本发明公开了一种低重稀土高性能烧结钕铁硼磁体及其制备方法,其制备方法包括以下步骤:制粉、粉末的改性、混粉、成型、烧结及热处理。采用磁控溅射技术在微米级的钕铁硼粉末表面依次沉积重稀土和低熔点金属,可以有效避免合金熔炼时添加的重稀土引起的剩磁和磁能积降低问题,提高重稀土的利用率。沉积的低熔点金属有助于磁体的烧结致密化,且沉积的低熔点金属可提高磁体晶界相的耐腐蚀性能。通过在改性后的微米级钕铁硼粉末中添加一定量的镍基纳米线,可以提高磁体的抗弯强度和断裂韧性,增强烧结钕铁硼磁体的力学稳定性。本发明在获得更高磁性能的基础上,显著提高了磁体的耐腐蚀性能和力学性能。

Description

一种低重稀土高性能烧结钕铁硼磁体及其制备方法
技术领域
本发明涉及稀土永磁材料领域,具体涉及一种低重稀土高性能烧结钕铁硼磁体及其制备方法。
背景技术
烧结钕铁硼磁体以其优异的磁性能(高剩磁、高矫顽力、高磁能积)被称为当代“磁王”,广泛应用于汽车工业、风力发电、仪器仪表、医疗器械、新能源以及航空航天等诸多领域。烧结钕铁硼磁体具有明显的多相结构,其中Nd2Fe14B主相是磁性的最主要来源,而晶界富稀土相(即富钕相)主要分布在主相晶粒周围,起到助熔烧结以及使磁体致密化的作用,同时可以有效起到去磁交换耦合作用。目前,烧结钕铁硼磁体的剩磁和最大磁能积均已达到其理论值的90%以上,而矫顽力与其理论值相差甚远,具有很大的提升空间。因此,在材料设计时普遍采用重稀土元素Dy或Tb部分取代Nd,以期获得更高的磁晶各向异性场。但是Dy、Tb与Fe属于反铁磁性耦合,添加Dy或Tb在提高磁体矫顽力的同时,磁体的剩磁和磁能积也出现不同程度的降低。此外,重稀土元素Dy、Tb的资源储量非常有限,价格昂贵,所以Dy或Tb的大量开采使用不符合资源节约型、可持续发展的战略规划。因此,降低重稀土的使用量,开发低重稀土高矫顽力烧结钕铁硼磁体已成为该领域的研究热点之一。
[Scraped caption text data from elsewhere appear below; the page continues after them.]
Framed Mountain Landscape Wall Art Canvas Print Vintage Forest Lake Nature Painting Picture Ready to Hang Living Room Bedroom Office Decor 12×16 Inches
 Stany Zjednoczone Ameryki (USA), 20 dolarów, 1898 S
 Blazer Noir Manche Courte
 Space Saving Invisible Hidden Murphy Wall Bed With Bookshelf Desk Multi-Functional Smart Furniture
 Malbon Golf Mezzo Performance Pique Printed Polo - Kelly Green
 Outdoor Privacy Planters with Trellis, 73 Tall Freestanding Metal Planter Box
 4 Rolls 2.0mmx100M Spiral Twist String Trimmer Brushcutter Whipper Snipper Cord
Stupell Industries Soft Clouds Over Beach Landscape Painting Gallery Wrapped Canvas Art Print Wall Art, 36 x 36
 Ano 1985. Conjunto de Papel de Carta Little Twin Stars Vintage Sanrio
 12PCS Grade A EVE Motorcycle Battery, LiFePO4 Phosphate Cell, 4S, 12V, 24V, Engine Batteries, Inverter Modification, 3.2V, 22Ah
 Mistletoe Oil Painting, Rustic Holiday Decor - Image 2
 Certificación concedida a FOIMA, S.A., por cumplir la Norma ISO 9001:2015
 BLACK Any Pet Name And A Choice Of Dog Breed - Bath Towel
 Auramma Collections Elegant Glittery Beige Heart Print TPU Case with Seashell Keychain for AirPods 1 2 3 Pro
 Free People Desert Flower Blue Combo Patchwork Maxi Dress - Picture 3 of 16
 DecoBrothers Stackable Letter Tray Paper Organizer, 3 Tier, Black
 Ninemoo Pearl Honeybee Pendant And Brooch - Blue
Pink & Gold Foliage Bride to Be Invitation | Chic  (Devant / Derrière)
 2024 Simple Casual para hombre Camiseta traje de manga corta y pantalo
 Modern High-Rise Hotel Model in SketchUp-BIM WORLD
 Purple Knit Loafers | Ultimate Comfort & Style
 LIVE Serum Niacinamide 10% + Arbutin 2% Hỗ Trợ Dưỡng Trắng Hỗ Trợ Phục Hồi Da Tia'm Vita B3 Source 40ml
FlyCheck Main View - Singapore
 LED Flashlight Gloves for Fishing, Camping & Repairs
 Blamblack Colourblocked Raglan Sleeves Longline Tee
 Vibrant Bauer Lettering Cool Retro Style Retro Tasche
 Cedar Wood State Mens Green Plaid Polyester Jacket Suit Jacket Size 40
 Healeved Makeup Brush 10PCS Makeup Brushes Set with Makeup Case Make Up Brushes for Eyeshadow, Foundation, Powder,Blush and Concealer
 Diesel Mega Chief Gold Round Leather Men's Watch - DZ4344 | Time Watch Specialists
当前,人们主要采用晶界调控方式降低重稀土元素Dy或Tb在主相晶粒中的含量,使其主要分布于晶粒表层及晶界相处,在主相晶粒表层形成更高的各向异性场,提高磁体的矫顽力。另外,烧结钕铁硼磁体的耐腐蚀性能极差,其力学性能也较差。其中晶界相的电化学活性最高,在腐蚀性介质中易优先发生腐蚀,降低了磁体的化学稳定性。烧结钕铁硼磁体属于脆性材料,主相晶粒和晶界相的力学性能相差较大,在外力作用下易形成沿晶断裂,直接影响到磁体的力学稳定性。因此,在获得高矫顽力磁体的同时,提高磁体的耐腐蚀性能和力学性能具有重要意义。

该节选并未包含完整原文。